Source records:

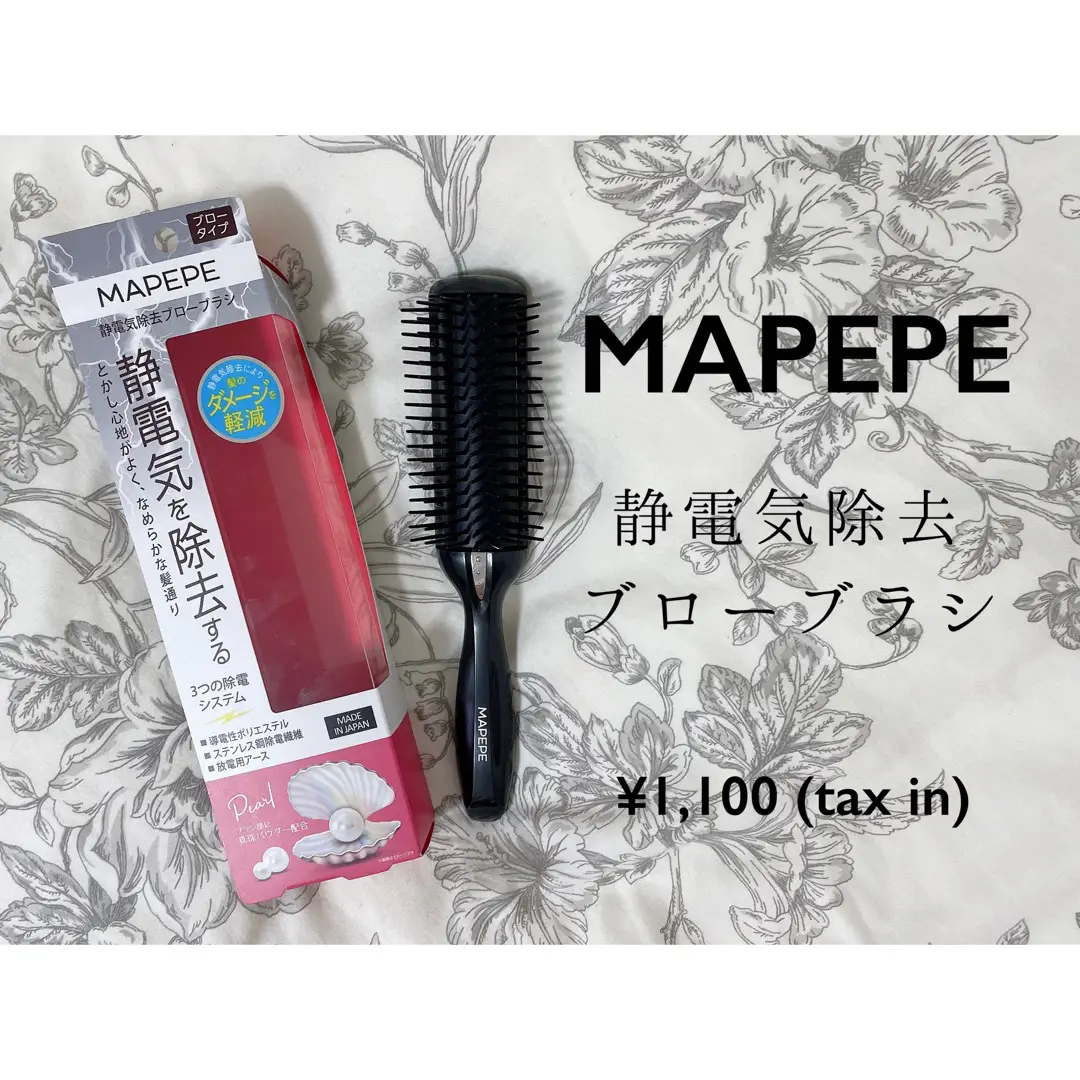 mapepe♡静電気除去ブローブラシ | moichanmoiが投稿したフォトブック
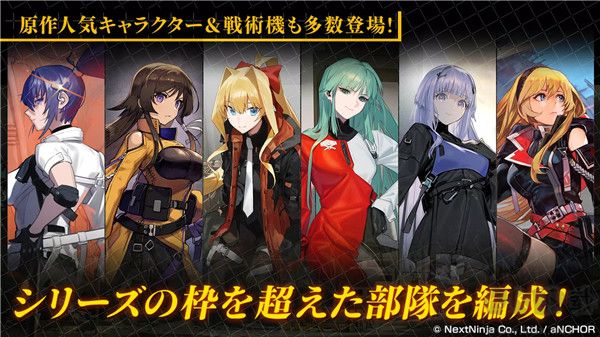 Muv Luv Dimensions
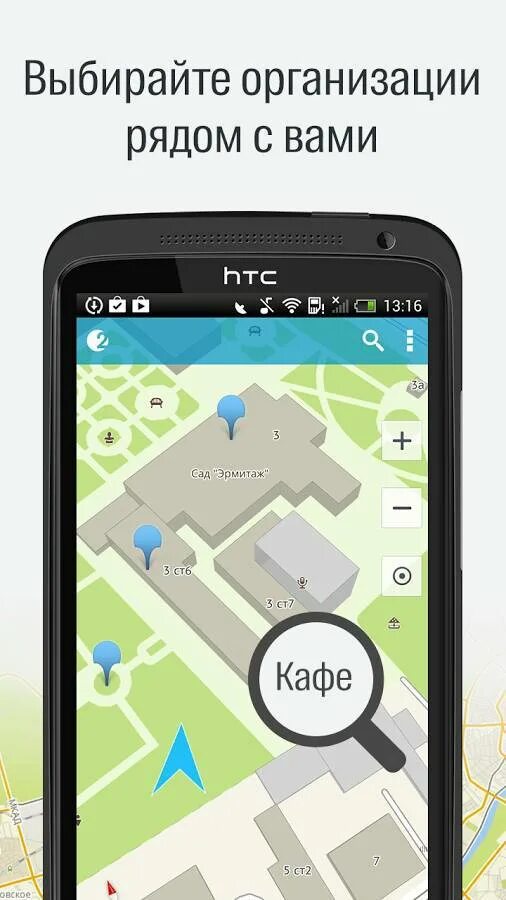 2 гис тел. 2гис андроид. 2gis навигатор для андроид. карта 2 гис. карта 2 гис на телефоне.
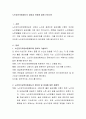 노인장기보험제도의 장점과 단점에 대해 논하시오 2페이지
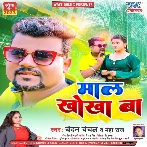 Maal Khokha Ba (Chandan Chanchal, Neha Raj)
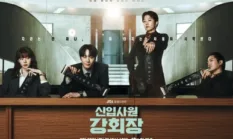 Sinopsis Reborn Rookie, Drama Korea Fantasi dengan Plot Tak Terduga yang Bikin Penasaran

EXERCISE: Write every entry again exactly as given, skipping the pictures.

RESPONSE TO THE TASK:
 mapepe♡静電気除去ブローブラシ | moichanmoiが投稿したフォトブック
 Muv Luv Dimensions
 2 гис тел. 2гис андроид. 2gis навигатор для андроид. карта 2 гис. карта 2 гис на телефоне.
 노인장기보험제도의 장점과 단점에 대해 논하시오 2페이지
 Maal Khokha Ba (Chandan Chanchal, Neha Raj)
 Sinopsis Reborn Rookie, Drama Korea Fantasi dengan Plot Tak Terduga yang Bikin Penasaran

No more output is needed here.